> **Prompt**
Take the lines below between the one holding "Sommier Base de" and the one holding "MN license plate 985LGY", inclusive, and copy them exactly. Add nothing.
━━━ Records for the exercise
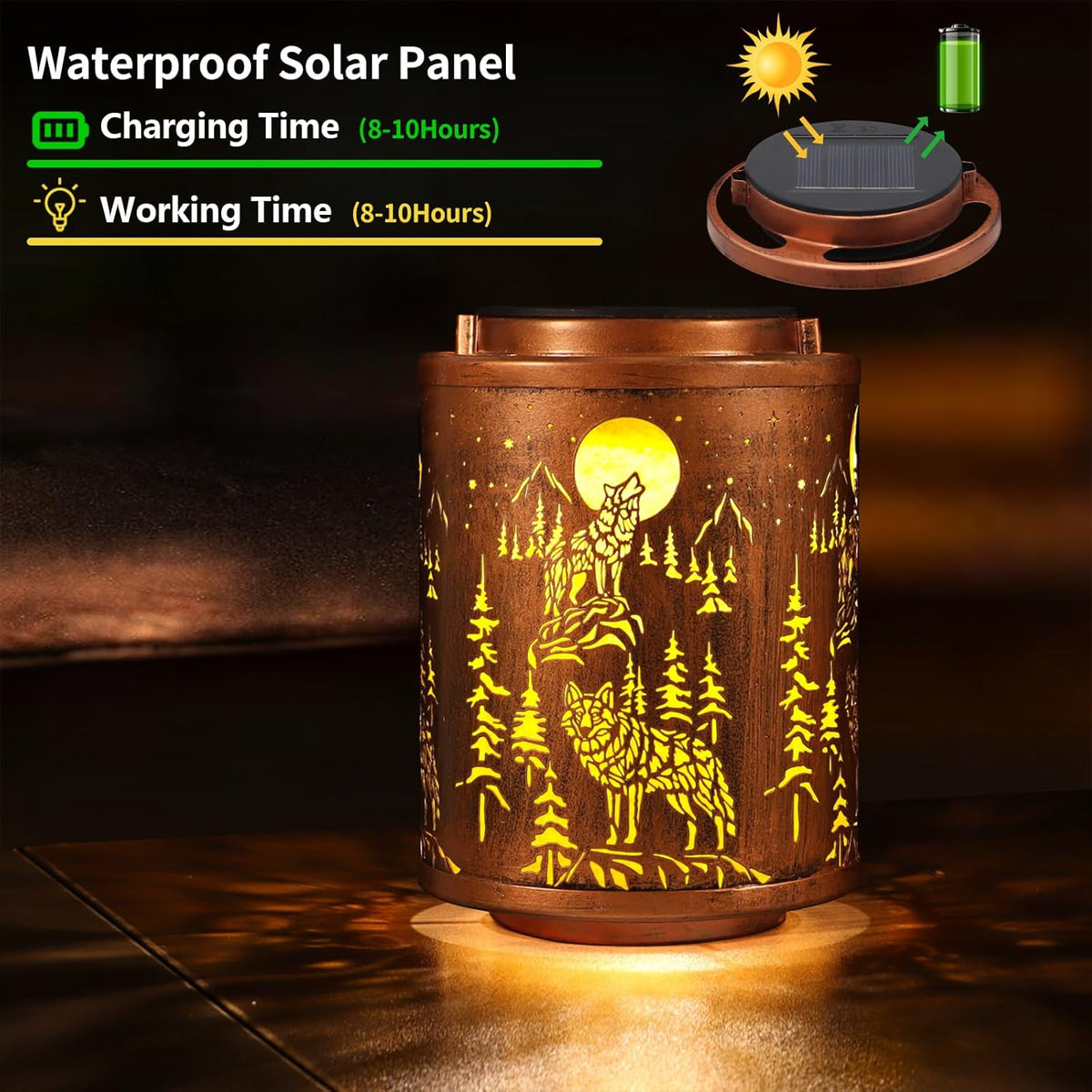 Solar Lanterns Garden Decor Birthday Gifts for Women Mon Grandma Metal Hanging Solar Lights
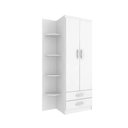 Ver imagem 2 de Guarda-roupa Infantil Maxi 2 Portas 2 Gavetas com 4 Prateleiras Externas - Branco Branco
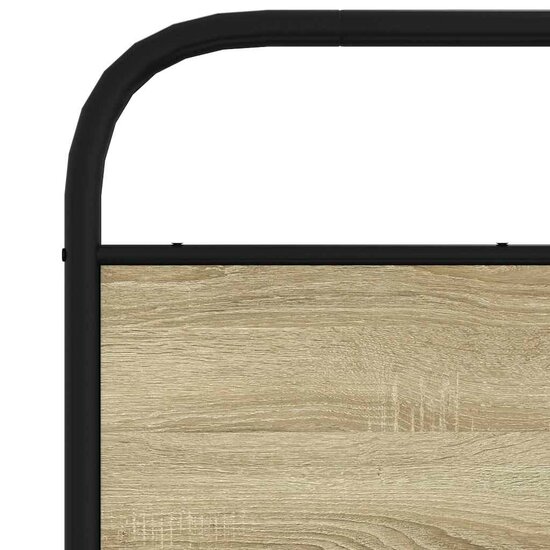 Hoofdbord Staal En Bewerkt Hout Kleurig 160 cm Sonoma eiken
━━━━━━
━━━ Records for the exercise
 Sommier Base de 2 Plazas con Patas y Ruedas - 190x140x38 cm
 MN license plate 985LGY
━━━━━━
> **Finished exercise**
 Sommier Base de 2 Plazas con Patas y Ruedas - 190x140x38 cm
 MN license plate 985LGY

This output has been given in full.